## Problem to solve
Starting at the line that holds "Pink Live Wallpaper", restate every line word for word up to and including the last one in the listing below, and omit all pictures.

## Provided information
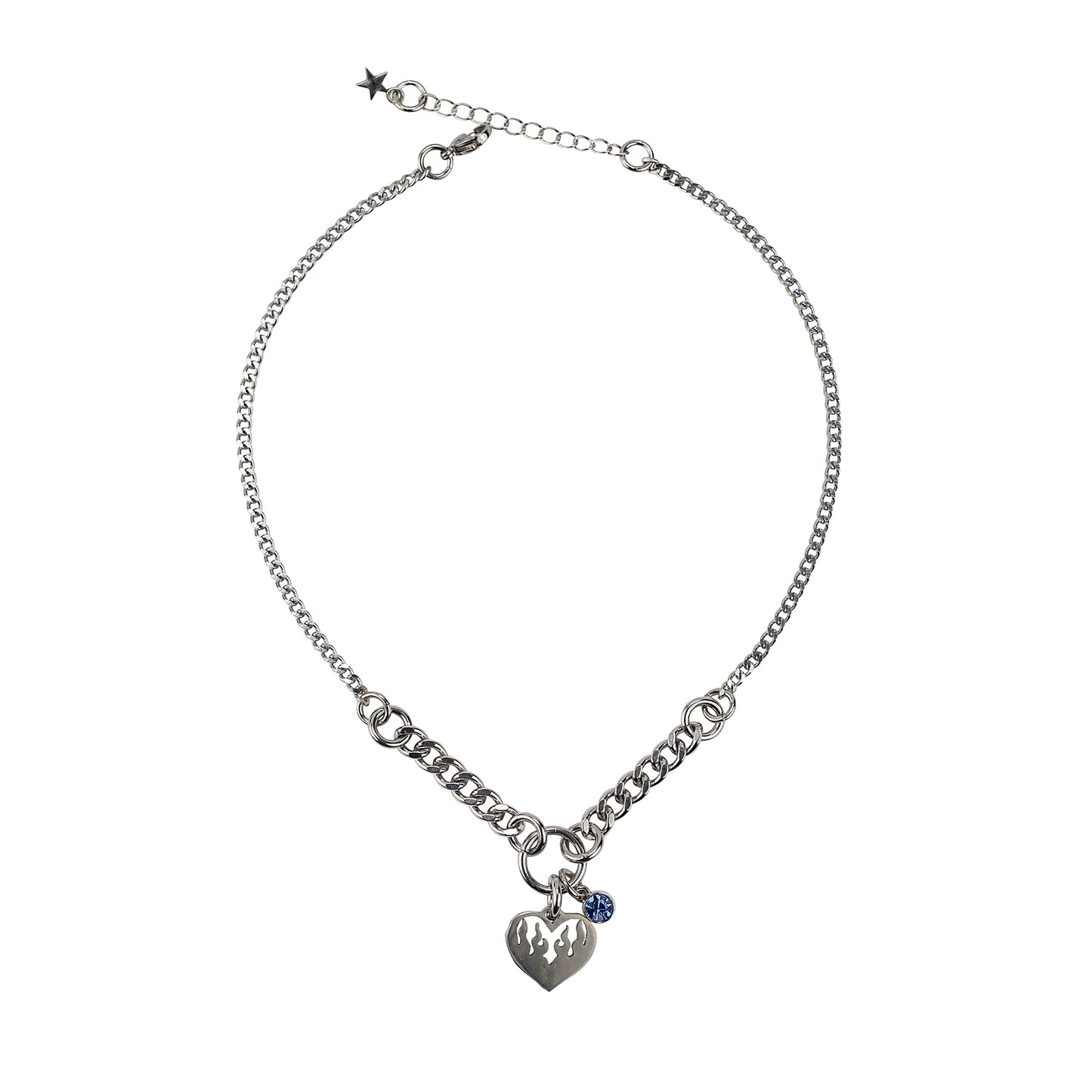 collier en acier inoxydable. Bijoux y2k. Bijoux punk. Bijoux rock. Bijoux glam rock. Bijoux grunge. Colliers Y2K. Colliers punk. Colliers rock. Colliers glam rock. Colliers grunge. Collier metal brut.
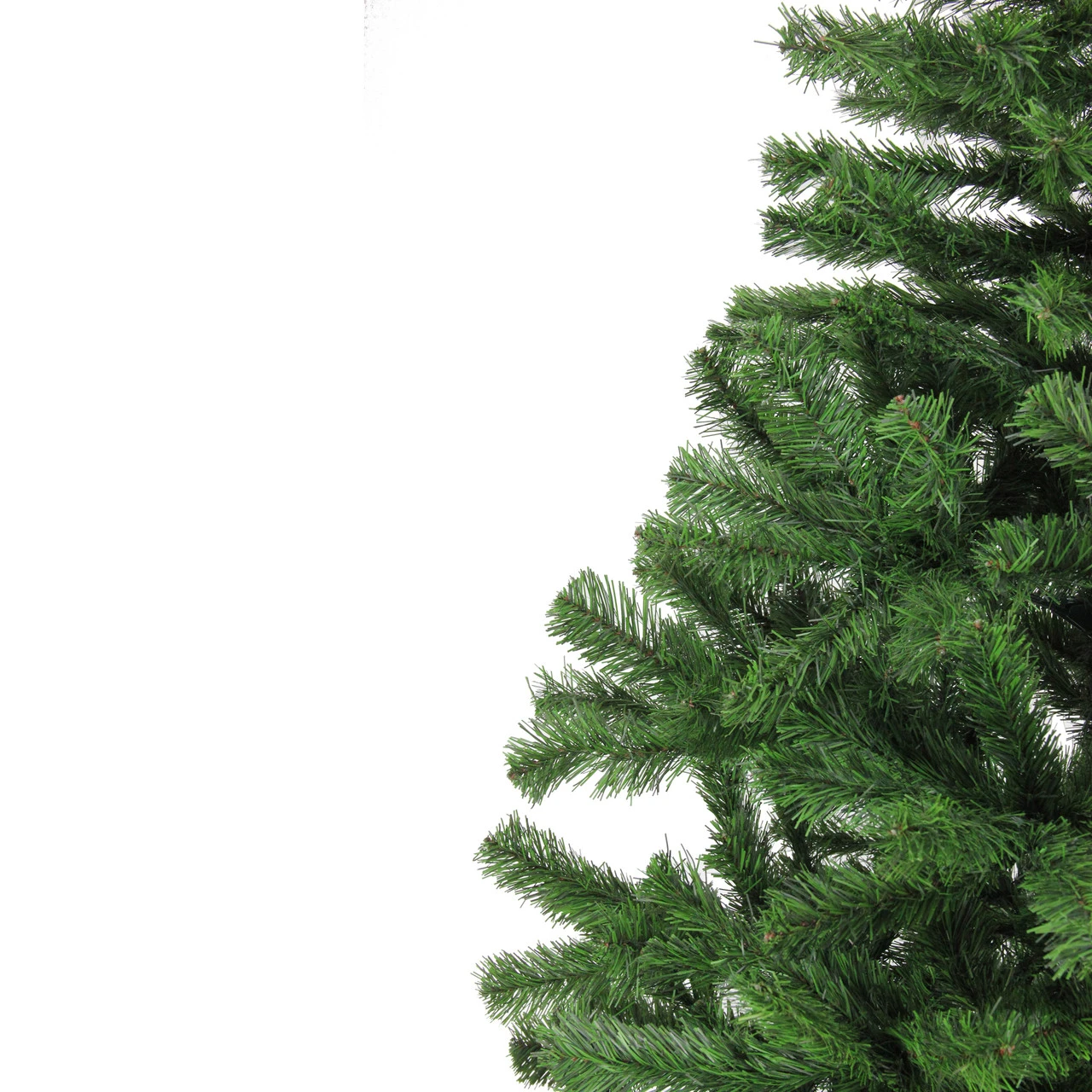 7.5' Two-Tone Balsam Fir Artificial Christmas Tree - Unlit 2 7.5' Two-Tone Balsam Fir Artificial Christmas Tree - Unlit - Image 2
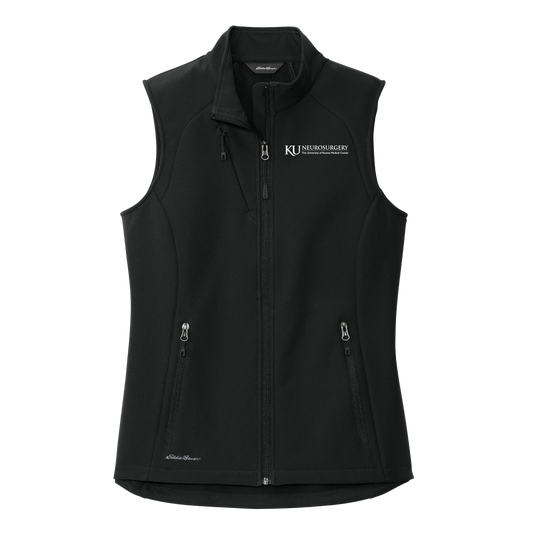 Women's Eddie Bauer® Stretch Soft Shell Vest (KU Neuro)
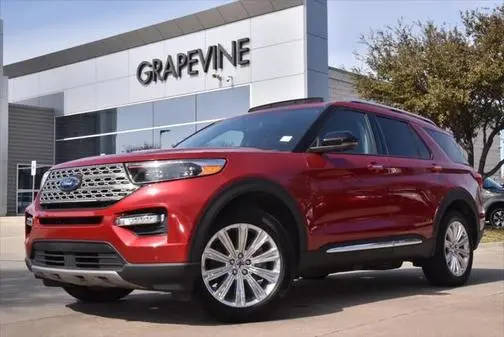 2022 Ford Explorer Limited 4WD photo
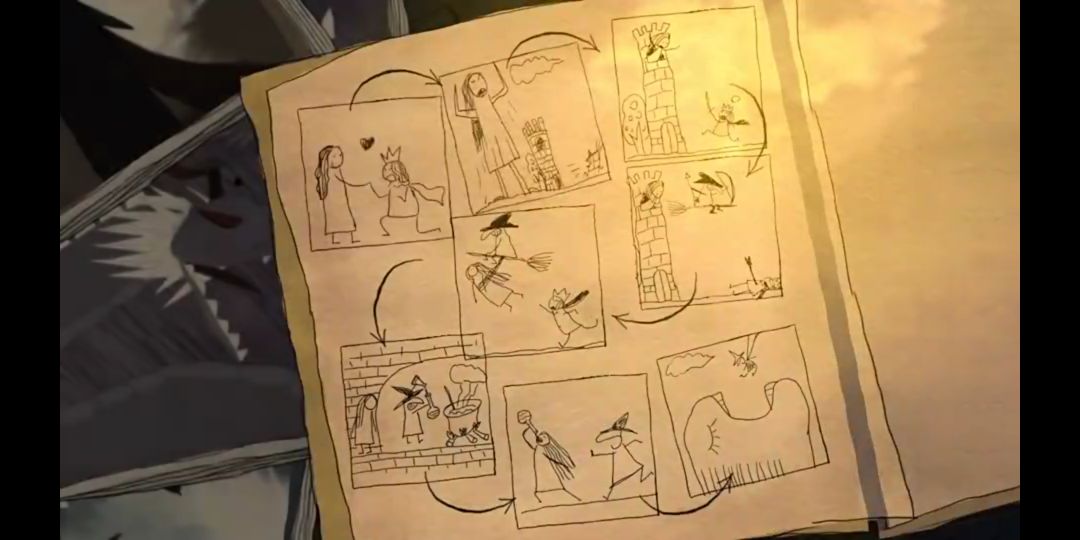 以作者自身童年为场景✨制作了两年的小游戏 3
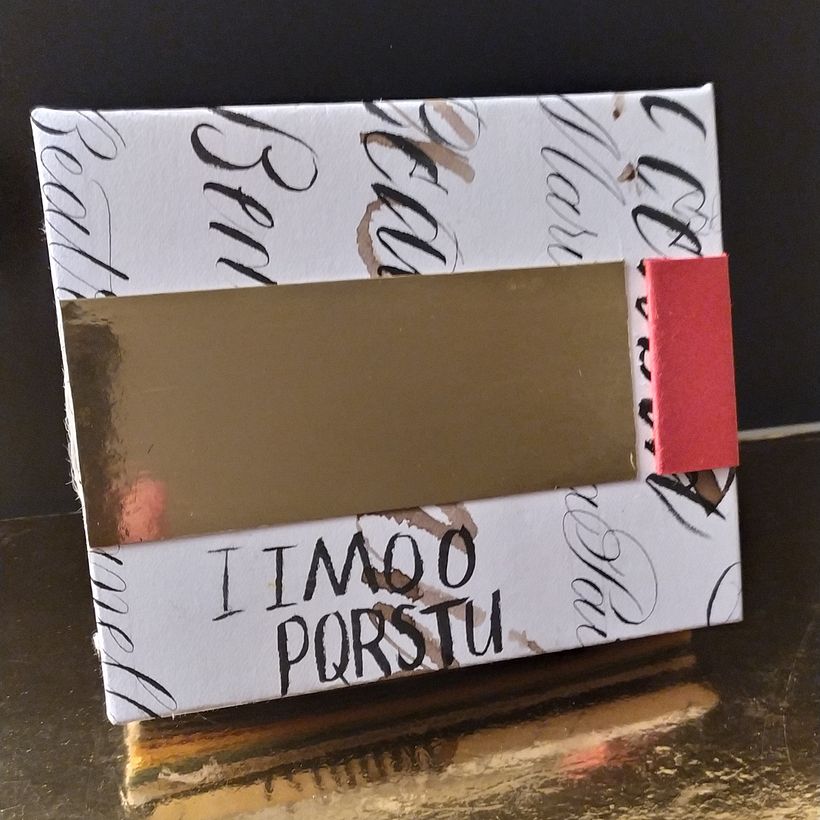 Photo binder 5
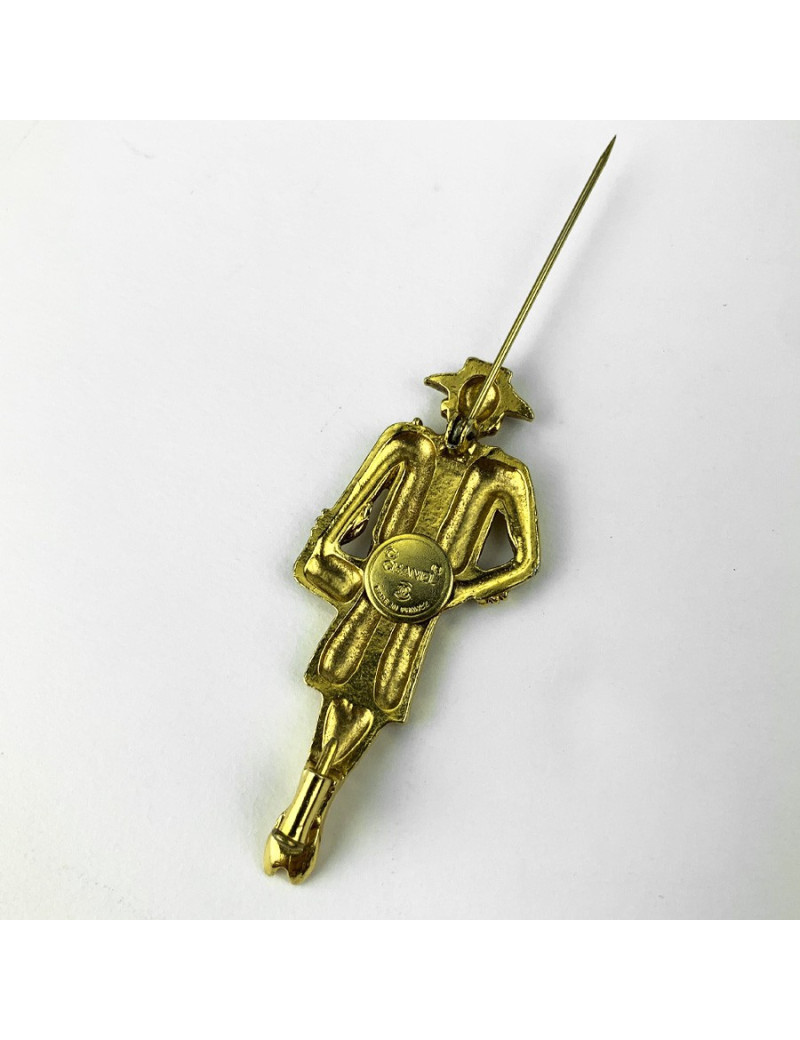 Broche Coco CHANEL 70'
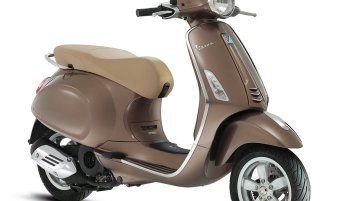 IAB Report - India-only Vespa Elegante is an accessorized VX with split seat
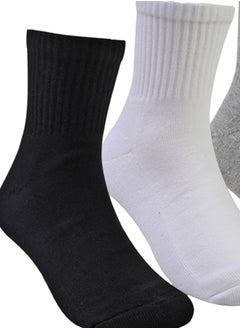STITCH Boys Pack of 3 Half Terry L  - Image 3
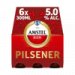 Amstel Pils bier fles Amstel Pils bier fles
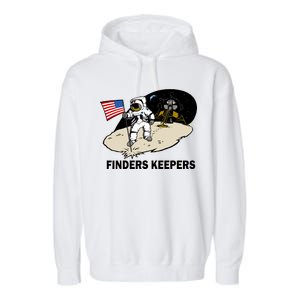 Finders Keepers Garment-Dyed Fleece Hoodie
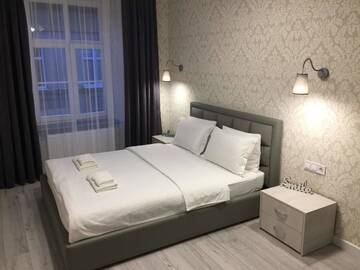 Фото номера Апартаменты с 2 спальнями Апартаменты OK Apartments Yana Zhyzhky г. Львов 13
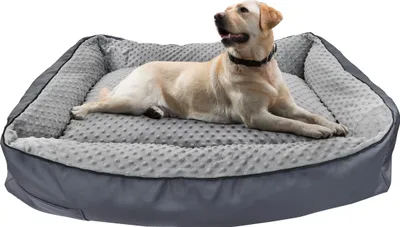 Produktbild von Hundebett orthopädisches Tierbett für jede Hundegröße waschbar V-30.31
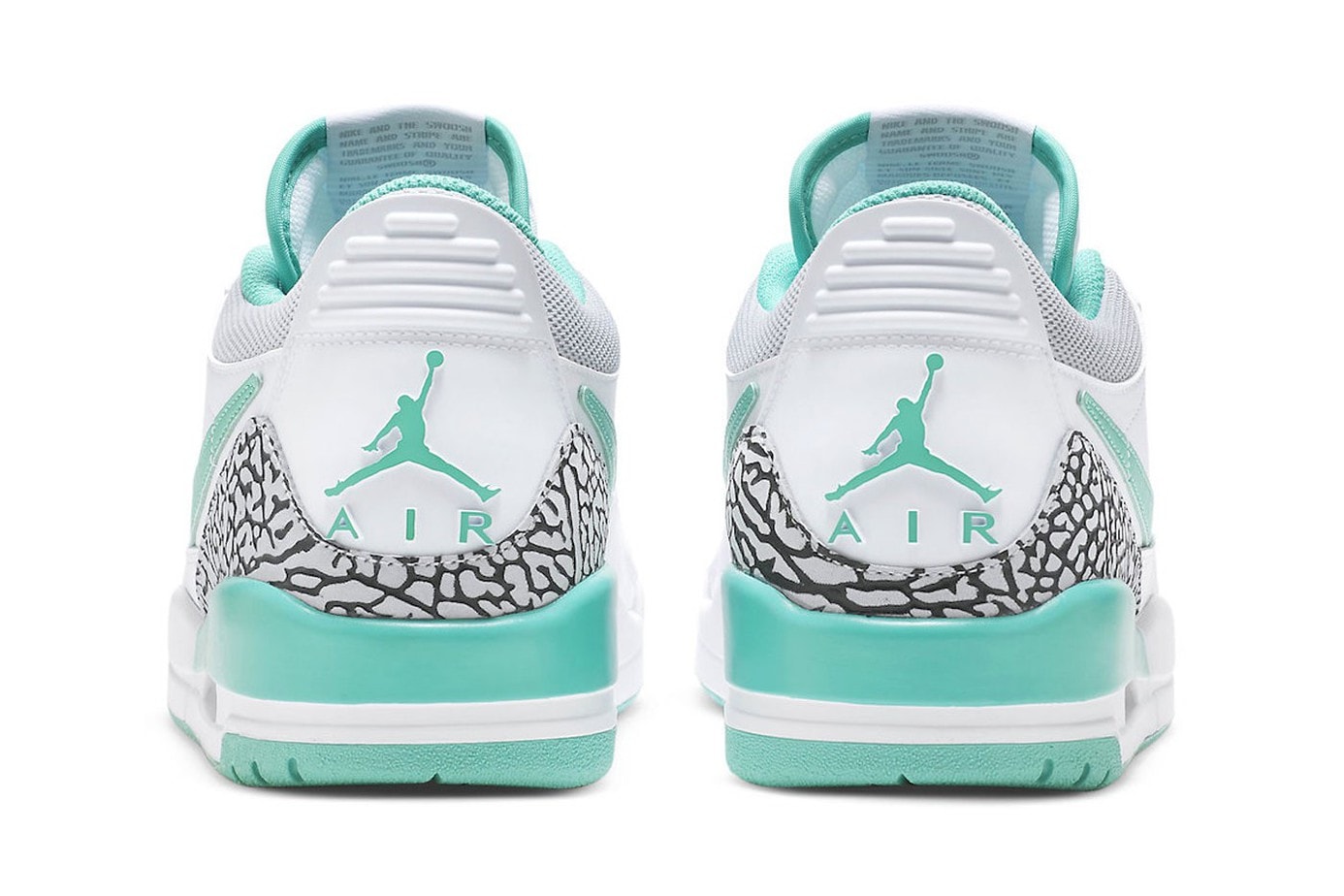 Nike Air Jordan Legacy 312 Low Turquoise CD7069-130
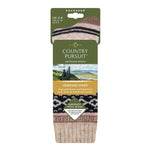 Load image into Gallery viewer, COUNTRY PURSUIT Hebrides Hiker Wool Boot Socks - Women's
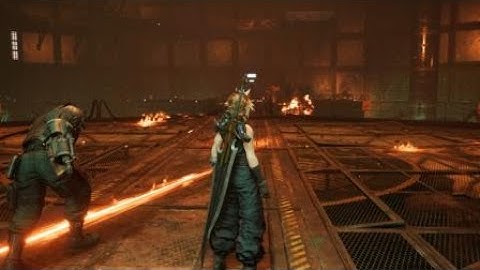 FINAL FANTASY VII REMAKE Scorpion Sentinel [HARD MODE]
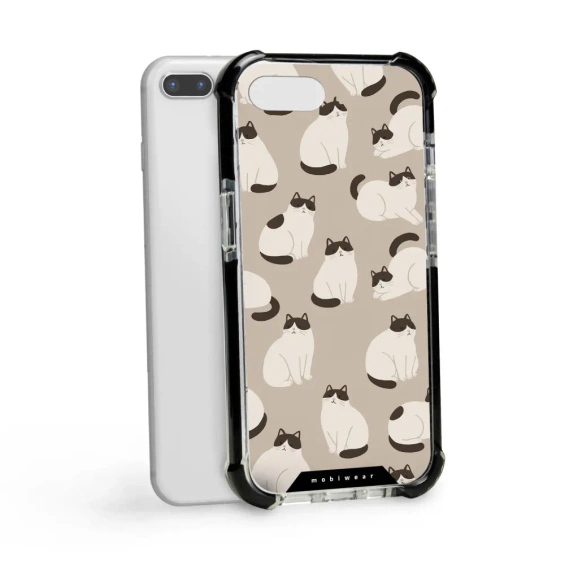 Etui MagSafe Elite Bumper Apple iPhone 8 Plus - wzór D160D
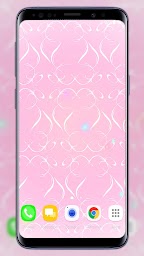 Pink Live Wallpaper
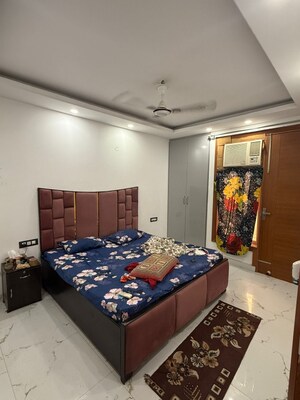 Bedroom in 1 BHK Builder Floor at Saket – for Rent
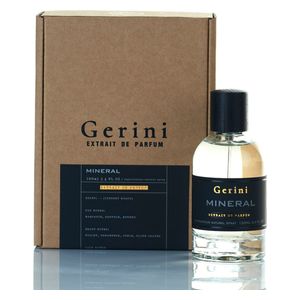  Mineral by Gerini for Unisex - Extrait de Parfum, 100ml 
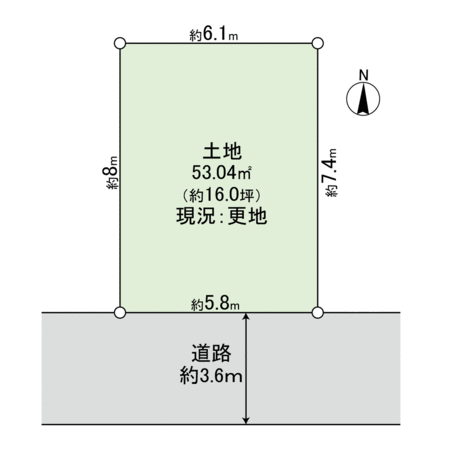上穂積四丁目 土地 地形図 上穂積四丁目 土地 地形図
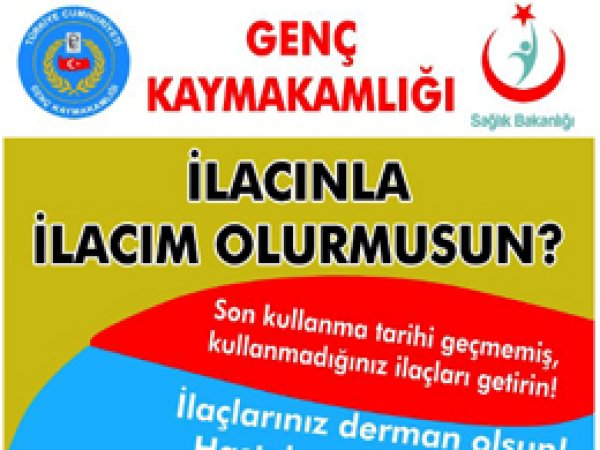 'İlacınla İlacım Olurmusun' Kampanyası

## Response
 Pink Live Wallpaper
 Bedroom in 1 BHK Builder Floor at Saket – for Rent
  Mineral by Gerini for Unisex - Extrait de Parfum, 100ml 
上穂積四丁目 土地 地形図 上穂積四丁目 土地 地形図
 'İlacınla İlacım Olurmusun' Kampanyası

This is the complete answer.